▸ **TASK DESCRIPTION**: Return, in their exact form, the lines that lie between the start of the data below and the line containing "Pemberly Row 46&quot", with both ends included.
(RECORDS SHOWN)
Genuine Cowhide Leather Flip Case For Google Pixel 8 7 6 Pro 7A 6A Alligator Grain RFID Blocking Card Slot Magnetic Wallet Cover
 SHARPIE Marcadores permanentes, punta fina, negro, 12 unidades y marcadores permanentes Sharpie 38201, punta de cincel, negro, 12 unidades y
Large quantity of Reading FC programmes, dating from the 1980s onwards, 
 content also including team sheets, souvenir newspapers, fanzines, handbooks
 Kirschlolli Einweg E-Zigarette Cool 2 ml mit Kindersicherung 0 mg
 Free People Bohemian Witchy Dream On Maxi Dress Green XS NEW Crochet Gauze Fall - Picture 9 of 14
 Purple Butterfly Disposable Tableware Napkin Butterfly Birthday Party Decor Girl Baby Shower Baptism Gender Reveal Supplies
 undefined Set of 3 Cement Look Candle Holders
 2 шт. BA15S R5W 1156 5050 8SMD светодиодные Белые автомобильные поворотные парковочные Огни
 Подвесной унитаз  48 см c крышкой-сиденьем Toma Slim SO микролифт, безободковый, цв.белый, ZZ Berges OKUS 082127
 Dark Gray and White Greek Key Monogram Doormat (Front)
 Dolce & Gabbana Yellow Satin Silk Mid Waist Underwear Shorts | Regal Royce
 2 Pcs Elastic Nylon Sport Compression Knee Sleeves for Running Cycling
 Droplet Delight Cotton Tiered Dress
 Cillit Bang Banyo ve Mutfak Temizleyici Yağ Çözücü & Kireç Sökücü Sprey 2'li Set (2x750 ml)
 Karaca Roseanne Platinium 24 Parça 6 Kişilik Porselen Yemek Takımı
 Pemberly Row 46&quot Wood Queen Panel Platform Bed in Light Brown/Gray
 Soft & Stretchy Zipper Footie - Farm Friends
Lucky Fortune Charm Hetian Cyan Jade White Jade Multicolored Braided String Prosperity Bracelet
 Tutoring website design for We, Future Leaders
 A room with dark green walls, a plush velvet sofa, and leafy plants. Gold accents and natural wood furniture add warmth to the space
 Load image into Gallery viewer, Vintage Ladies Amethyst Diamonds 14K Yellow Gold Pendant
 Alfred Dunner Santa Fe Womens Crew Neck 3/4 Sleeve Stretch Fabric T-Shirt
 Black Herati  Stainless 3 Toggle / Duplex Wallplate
(End RECORDS SHOWN)
▸ **ANSWER SPACE**:
Genuine Cowhide Leather Flip Case For Google Pixel 8 7 6 Pro 7A 6A Alligator Grain RFID Blocking Card Slot Magnetic Wallet Cover
 SHARPIE Marcadores permanentes, punta fina, negro, 12 unidades y marcadores permanentes Sharpie 38201, punta de cincel, negro, 12 unidades y
Large quantity of Reading FC programmes, dating from the 1980s onwards, 
 content also including team sheets, souvenir newspapers, fanzines, handbooks
 Kirschlolli Einweg E-Zigarette Cool 2 ml mit Kindersicherung 0 mg
 Free People Bohemian Witchy Dream On Maxi Dress Green XS NEW Crochet Gauze Fall - Picture 9 of 14
 Purple Butterfly Disposable Tableware Napkin Butterfly Birthday Party Decor Girl Baby Shower Baptism Gender Reveal Supplies
 undefined Set of 3 Cement Look Candle Holders
 2 шт. BA15S R5W 1156 5050 8SMD светодиодные Белые автомобильные поворотные парковочные Огни
 Подвесной унитаз  48 см c крышкой-сиденьем Toma Slim SO микролифт, безободковый, цв.белый, ZZ Berges OKUS 082127
 Dark Gray and White Greek Key Monogram Doormat (Front)
 Dolce & Gabbana Yellow Satin Silk Mid Waist Underwear Shorts | Regal Royce
 2 Pcs Elastic Nylon Sport Compression Knee Sleeves for Running Cycling
 Droplet Delight Cotton Tiered Dress
 Cillit Bang Banyo ve Mutfak Temizleyici Yağ Çözücü & Kireç Sökücü Sprey 2'li Set (2x750 ml)
 Karaca Roseanne Platinium 24 Parça 6 Kişilik Porselen Yemek Takımı
 Pemberly Row 46&quot Wood Queen Panel Platform Bed in Light Brown/Gray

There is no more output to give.